→ **Information given**
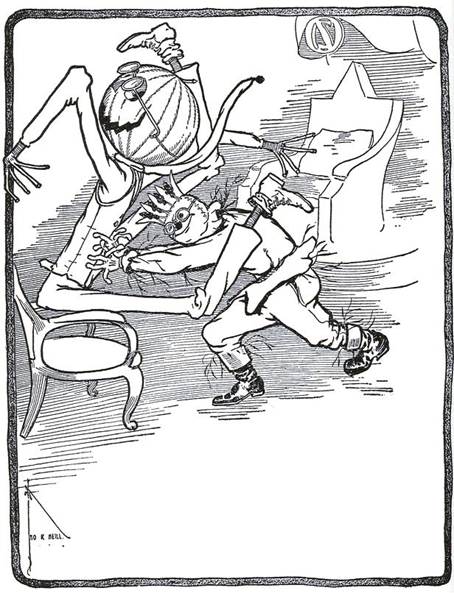 Чудесная Страна Оз. Его величество Страшила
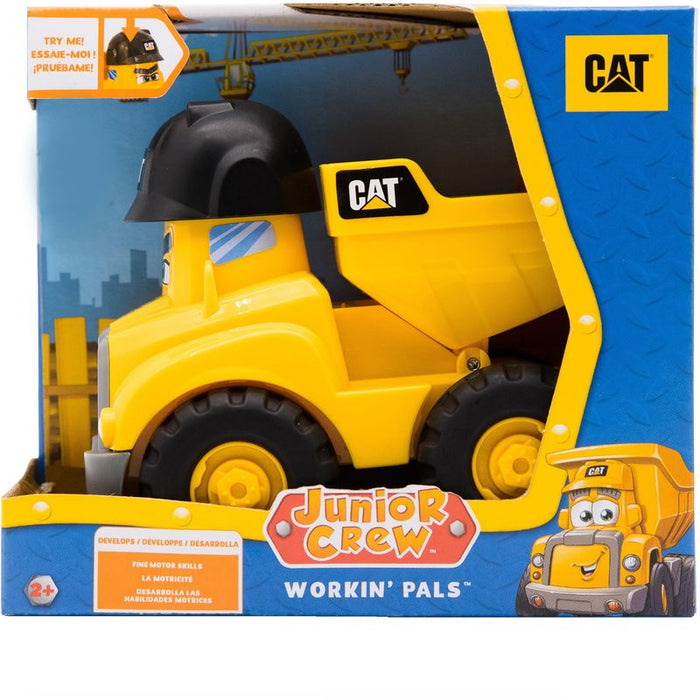 CAT Caterpillar - 82952 | CAT - Junior Crew Workin' Pals - Dump Truck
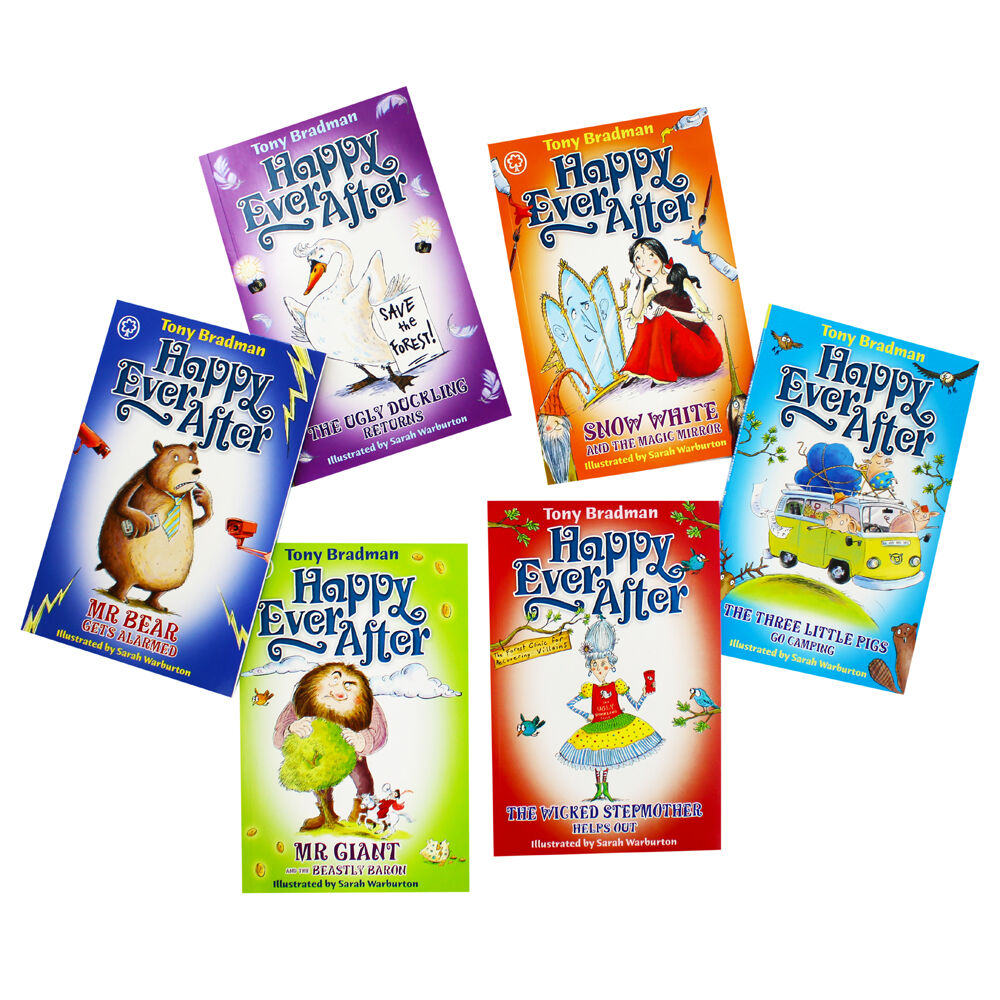 Happy Ever After Collection - 6 Books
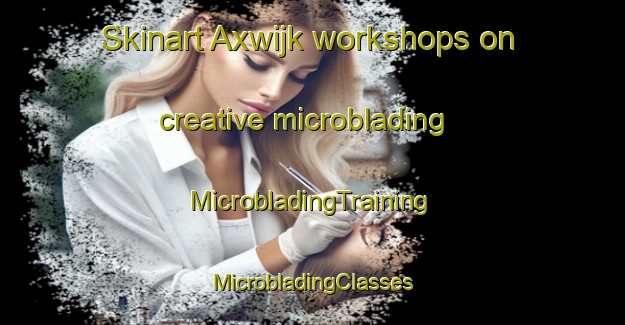 Skinart Axwijk workshops on creative microblading | #MicrobladingTraining #MicrobladingClasses #SkinartTraining-Netherlands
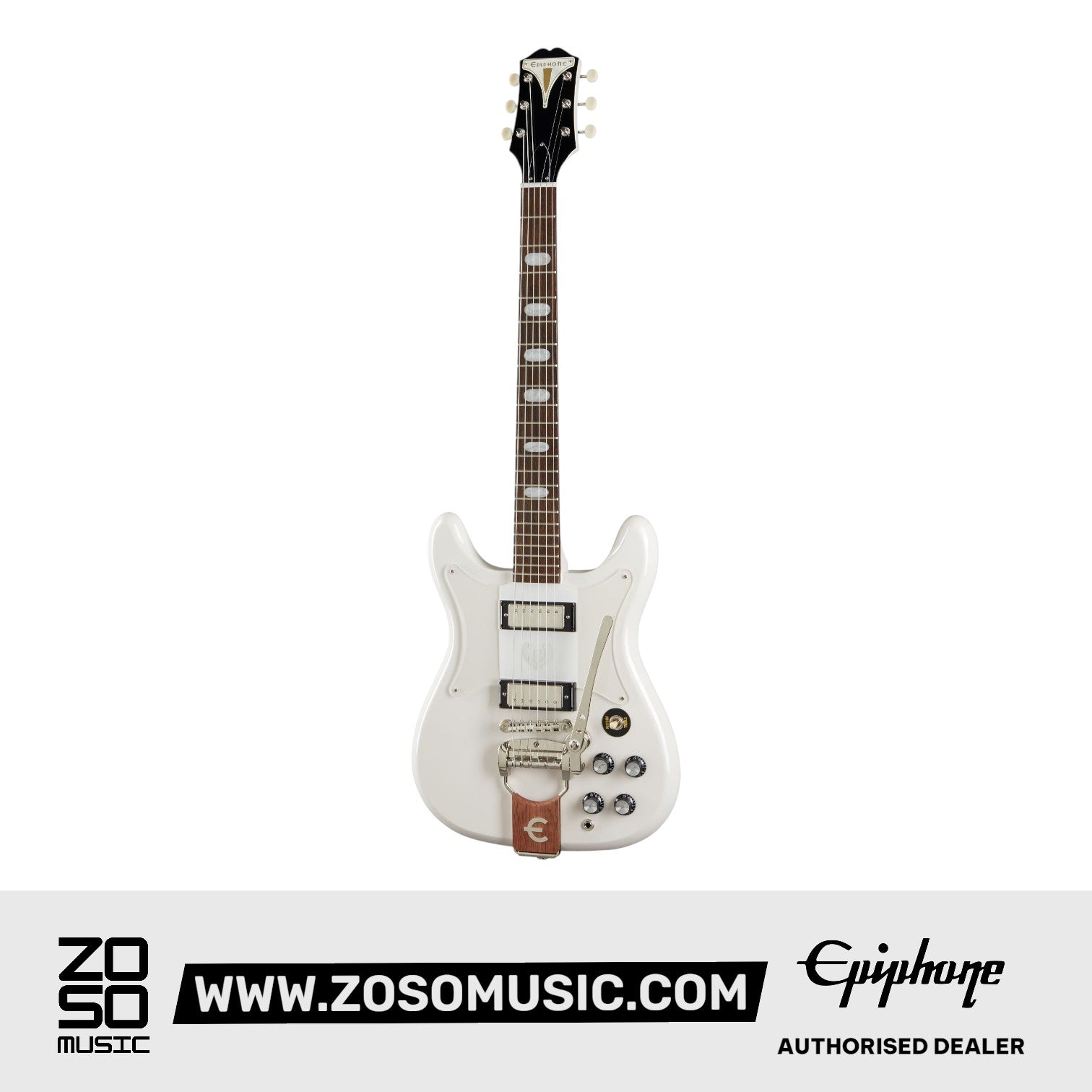 Epiphone Crestwood Custom Solidbody Electric Guitar (Tremotone)
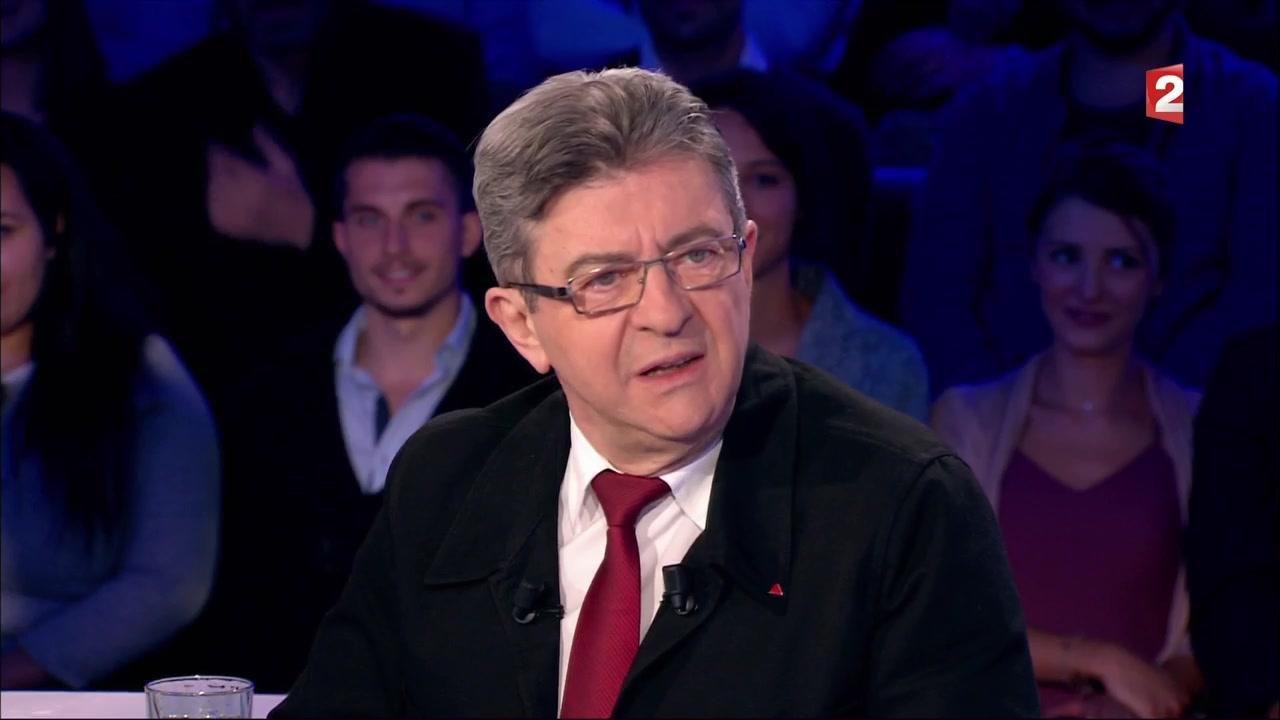 ONPC : Jean-Luc Mélenchon attribue avec ironie son décollage dans les sondages à l'émission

→ **Exercise instructions**
Reproduce, word for word, everything in the listing above except the pictures.

→ **Task output**
 Чудесная Страна Оз. Его величество Страшила
 CAT Caterpillar - 82952 | CAT - Junior Crew Workin' Pals - Dump Truck
 Happy Ever After Collection - 6 Books
 Skinart Axwijk workshops on creative microblading | #MicrobladingTraining #MicrobladingClasses #SkinartTraining-Netherlands
 Epiphone Crestwood Custom Solidbody Electric Guitar (Tremotone)
 ONPC : Jean-Luc Mélenchon attribue avec ironie son décollage dans les sondages à l'émission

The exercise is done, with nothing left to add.